We listen to music on Spotify and Pandora and watch instant-stream movies on Netflix and TV shows on Hulu. Give someone all three seasons of “Arrested Development” on DVD as a birthday present and you’ll be greeted with a puzzled look: “You know I can watch this for free, whenever I want, without sticking a disk into a machine, right?”

We surrender every last detail of our personalities and lives to our future overlords at Facebook in order to access what is the world’s largest communication network. We’ve hastened the arrival of bikeshares and companies such as Zipcar and Car2Go that offer vehicles only when we want them.
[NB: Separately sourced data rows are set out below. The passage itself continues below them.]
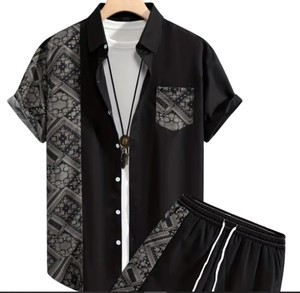 Conjunto de Dos Piezas Tejido para Hombre, Transpirable, para Verano |   Ropa Deportiva Ligera de Secado Rápido, 100% Poliéster, Fusión sin Costuras - Product Image 4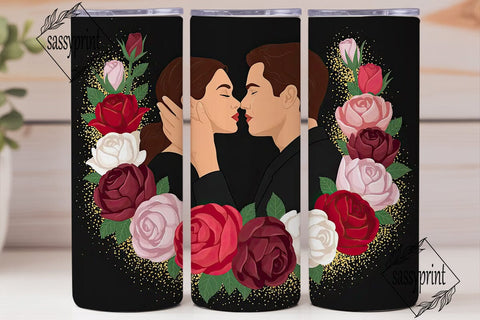 Romantic Couple Roses 20oz Tumbler Wrap Sublimation sassyprint 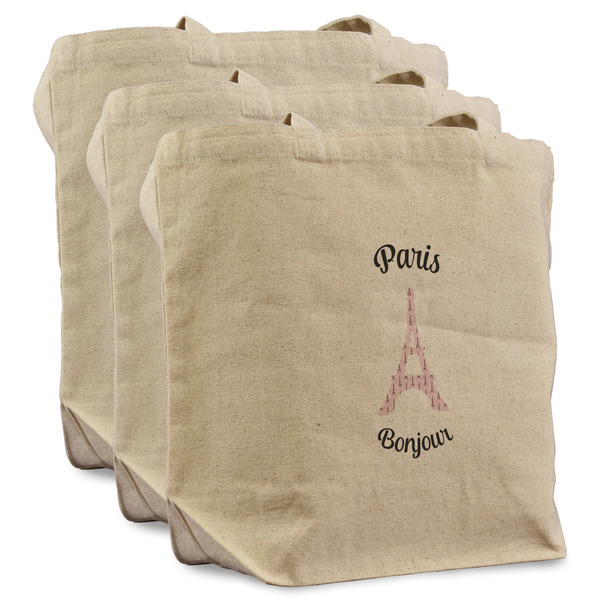 Custom Paris Bonjour and Eiffel Tower Reusable Cotton Grocery Bags - Set of 3 (Personalized)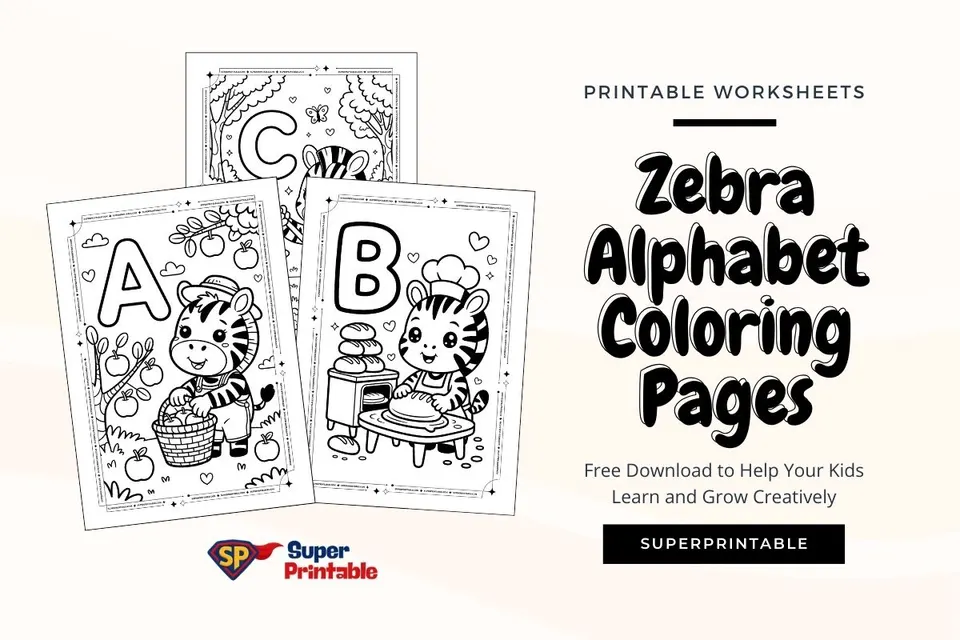 Zebra Alphabet Coloring Pages Feature Image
Cars are losing their “cool”, and it’s a hassle to have them. The share of 20-34 year-olds with a driver’s license is dropping and shows no signs of reversing. This is bad for Michigan twofold; we build cars — a market that is losing appeal — and we have no great transit alternatives.

Traveling the 10 miles from Old Town Alexandria, Va., to the U Street Corridor in D.C., — two of those “cool” places — takes less than half an hour on the D.C. Metro. That is half an hour in which I don’t have to take my eyes off of my phone, rather than the more than a half-hour drive it would take that I would be trying my best not to look at my phone.

The state of Michigan can attempt to create “cool cities” by offering grants to fix up parks or theaters, but the real way to become a place that we young folks want to live is to give us access to transit. Instead of subsidizing professional sports arenas to the tune of about $150 million — Comerica Park — or $220 million in the case of the Silverdome, which sold for about $550,000 in 2009 at an enormous loss, the state needs to invest in transit infrastructure.

I’ll be writing more about transit and the state of Michigan in future columns, and I’m hoping I’ll be able to convince myself and others that Michigan is a state worth staying in once we graduate. But the promised lands of D.C., Chicago, Vancouver and Toronto sure are singing a siren song that is hard to resist.